Does Jokowi have what it takes to run for president? This essay, which traced some of the novel features of Jokowi’s leadership and linked them his early years in Solo, does not provide a conclusive answer. The complexity of a task increases with its scope. Although Jokowi has skilfully tackled municipal and big-city problems, it is difficult to predict whether his skillsets and political acumen will suffice to meet national challenges effectively.
What is clear, however, is that Jokowi is a person who thinks and acts outside the box. He has demonstrated in Solo and Jakarta that he is determined and skilful enough to strike a balance between conflicting economic and political interests. This ability bodes well for future conciliation efforts that reach across ethno-religious or social divides. The close and trusting relationship he has developed with his deputy governor, Basuki Purnama (commonly known as Ahok), a protestant Chinese Indonesian, is a case in point. Another illustration of Jokowi’s integrative efforts – which I personally observed in February 2008 – was his decision to rename one of Solo’s streets Jalan Yap Tjwan Bing in honour of a Chinese Indonesian post-war dignitary at a well-attended Chinese new year ceremony.
His balanced and inclusive approach also bodes well for socio-economic development. A close look at Jokowi’s policy mix highlights that pro-poor policies do not need to come at the expense of economic progress. His political success rests in part in his ability to identify and negotiate win-win solutions that accommodate small and large-scale interests. During his tenure in Solo and Jakarta, Jokowi has combined measures of redistribution with efforts to improve the investment climate.
Somewhat more problematic is the question whether some of the financial and political debts, which Jokowi incurred on the gubernatorial campaign in 2012, will come to haunt him. To be sure, critics are quick to point out that these obligations are largely owed to two Indonesian party bosses: Prabowo Subianto and Megawati Sukarnoputri, the chairs of Gerindra and PDI-P respectively. Arguably, by pledging his support to Jokowi, Prabowo – a New Order general-turned-businessman eager to improve his public image – could capitalise on Jokowi’s good governance record and further obfuscate his controversial past. Similarly, Megawati’s endorsement of Jokowi, announced at a later stage of the gubernatorial race (the delay was partly because some PDI-P functionaries favoured incumbent Bowo), yielded high party approval rates and favourable publicity.
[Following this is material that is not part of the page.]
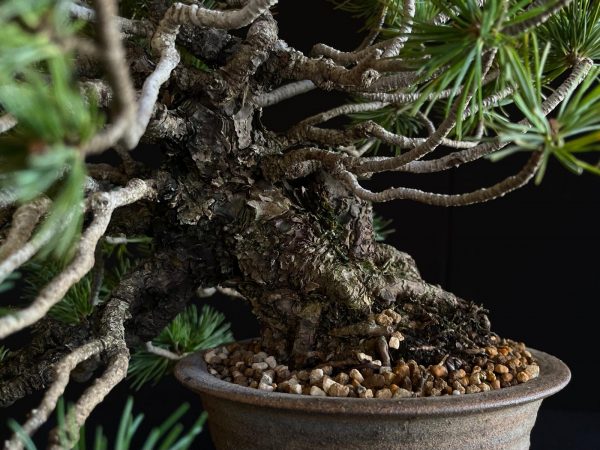 25I-IU-07 PINUS PENTAPHILLA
These mutual benefits put the notion of indebtedness in perspective. Against this backdrop, an overly pessimistic view characterising Jokowi as political minion in a larger game of oligarchic interests seems implausible. For one thing, Jokowi’s support network involves many pribumi and Chinese Indonesian businesses outside Jakarta, who have come to trust and value his leadership as a mayor in Solo. For another, there is little reason to believe that his supporters constitute a homogenous group whose collective interests threaten to distort future executive decisions. It is much more plausible to think of the people backing him as constituting a distinctly pluralist amalgam of interests comprising multiple ethnicities, economic sectors, and localities. While such a support base may not shield his presidency from political influence, it will certainly help to ensure that it is not captured by any narrow group.
Believe the hype
All in all, is the hype that surrounds Jokowi’s candidacy justified? I believe it is. Thus far, Jokowi’s image as a non-establishment reformer and even-handed problem solver is consistent with and supported by his political actions in Solo and Jakarta. The humble upbringing outside the capital gives him roots deep in the midst of society; whereas his business background provides a critical lens on government inefficiency and misconduct. It is this balanced non-state perspective, combined with a proven track record of reform, that explains and justifies Jokowi’s appeal in recent polls. Undoubtedly, this maverick mix resonates well with the Indonesian electorate, but it also evokes resistance among status quo elites. Jokowi’s ability to steer though turbulent political waters, without losing his reformist edge and even-handedness, will prove to be the enduring challenge of the future.